Let's look at the PS2 for a sec; it had a 150 million install base, and  yet...

- Goldeneye Rogue Agent barely sold more than Red Steel 2, despite being the sequel to a game that sold over 8 million.

- Critical darling Okami barely crossed 600k also.

- Silent Hill 4 barely crossed 500k, despite being from a popular series.

Clearly a big install base does not guarantee that every game will sell well.

But PS2 obviously had many instances of tons of hardcore games selling extremely well. The Wii does not. People used the Wii as their party console, but if they wanted to do any serious gaming beyond their Mario/Mario Kart sweet tooth, it's fairly obvious they bought one of the other two HD consoles. 

I had many friends that bought a Wii and were really excited about it in 2006/2007/2008, but by the second half of the generation, they were playing almost exclusively on their PS3 or 360 and rarely even bothering to boot up their Wii at all. 

There's also so many hours you can play Wii Sports before it starts to get stale. 

Core games outside of Mario could sell on Wii.

Twilight Princess is closing in on 7 million.

Monster Hunter Tri and Resident Evil 4 both cleared the 2 million mark.

Goldeneye 007 and Metroid Prime 3 are both about 1.8m. And if you count COD as "hardcore" in this context, then COD3, Wold at War, Modern Warfare, and Black Ops all sold between 1.3m and 2.2m.


That's fairly mediocre for a platform with 100 million sell through honestly. Zelda sold 5.8 million actually on the Wii, not 7 million, that's if you include GameCube numbers and that was buoyed a lot by the initial frenzy over the Wii. The PS4 and X1 will have 3+ million sellers in the core gamer demo before either of them hits 15 million sell through.
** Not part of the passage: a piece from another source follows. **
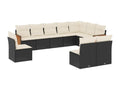 Salon de jardin 10 pcs avec coussins noir résine tressée 49209SEYN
The best selling Wii third party games were predictably the casual ones -- Guitar Hero and Just Dance and Zumba Fitness and the like. 



Soundwave said:
nitekrawler1285 said:

Umm Cameron himself has managed to beat Titanic with Avatar. By almost a billion to boot if wikipedia can be believed.

 


He would be the exception to this rule but even there, I don't Avatar was quite the pop culture phenomenon that Titanic was. It benefitted a lot from higher ticket prices (especially the 3D markup). JK Rowling and Harry Potter is a more apt comparision ... fairly unlikely Rowling will ever top Harry Potter even if she writes a book 10x better. Things like that are just hard to repeat. 
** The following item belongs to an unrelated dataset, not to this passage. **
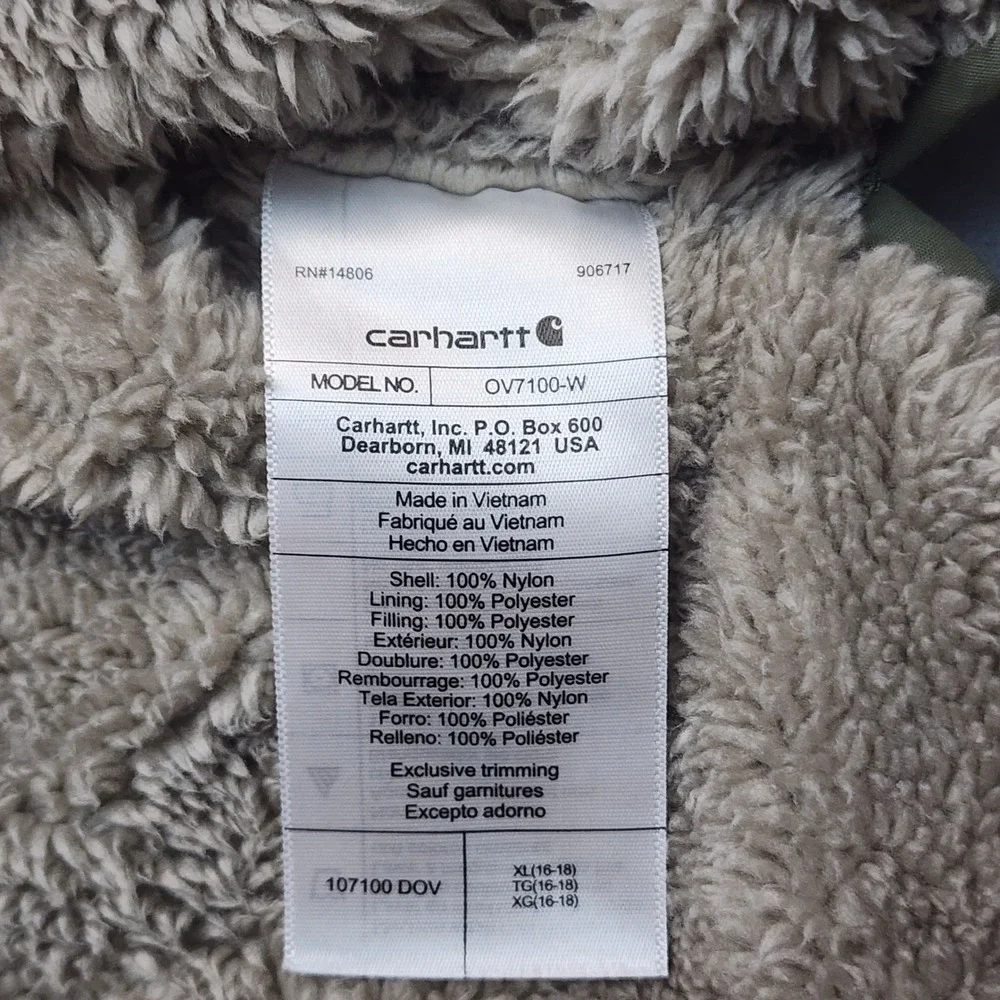 Carhartt Rain Defender Relaxed Fit Sherpa Lined Quilted Vest Olive Green XL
What I'm getting at is that it may seem like a tall order but it can be done.  Even Apple managed 3 hits in a row.  Give Rowling some time.  I'm sure once she gets her more adult stuff out of her system and targetting the younger audience again that she might find success.  

Nintendo really just needs to go back to what made the Wii so successful.  A large part of that was the simple and intuitive controller. I can't even think they were trying to replicate the Wii's success looking at the huge and terrifying gamepad.  



nitekrawler1285 said:
Soundwave said:
nitekrawler1285 said:
Soundwave said:
curl-6 said:
leyendax69 said:
curl-6 said:
leyendax69 said:

Nintendo is cannibalizing wii u -_- they just don't know how home console market works, every console since the SNES has sold less, wii was a miracle.
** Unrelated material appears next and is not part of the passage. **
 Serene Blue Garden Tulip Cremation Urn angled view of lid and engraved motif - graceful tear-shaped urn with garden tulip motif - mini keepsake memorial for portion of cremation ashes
Wii wasn't a miracle, it was a conscious and brilliant insight into the market; insight they completely failed to exercise with Wii U.

Wii U is the antithesis of the Wii; the Wii's success was due to its recognition of a changing market, Wii U's failure is due to its lack of recognition of a changing market.

The whole point of the Wii was: do something that hasn't been done before, break new ground. The Wii U is just "try the same strategy that worked last time."

I do agree however that Nintendo is cannibalizing Wii U.

You can call it fluke, miracle, luck, whatever. The numbers are there and wii u is struggling to even surpass Gamecube.

It was none of those things; not a fluke, not luck, not a miracle. It was a deliberate, premeditated, and thought out smash hit.

The Wii U's struggles are due to the way it itself was handled; confusing name, too expensive, delayed software, but most importantly, a failure to account for the current market.

There's always a degree of serendipity when anything is that successful. 

Michael Jackson's Thriller is a miracle. So is James Cameron's Titanic. So is TV's Seinfeld. 

Of course these things were deliberate in their design, but to the degree that they are embraced by the public requires a certain amount of timing and (sure) luck. 

Because otherwise you should be able to make a hit product everytime just by execution and that's not always the way things work.

Michael Jackson tried his damndest to top Thriller multiple times but never could do it, because it's not that f*cking easy, lol. I think that's one thing Nintendo fans don't get, you can't just pull a Wiimote type idea out of your ass every 5 years, that's not how basic creativity works. That's an idea that comes around maybe once every 20 years. 

Not even Apple is capable of doing that ... they had an incredible streak with the iPod, iPhone, iPad, but since then haven't been able to come up with a new idea as strong as that ... because it's *difficult* to do (you think they haven't invested billions in trying to find the next big thing?).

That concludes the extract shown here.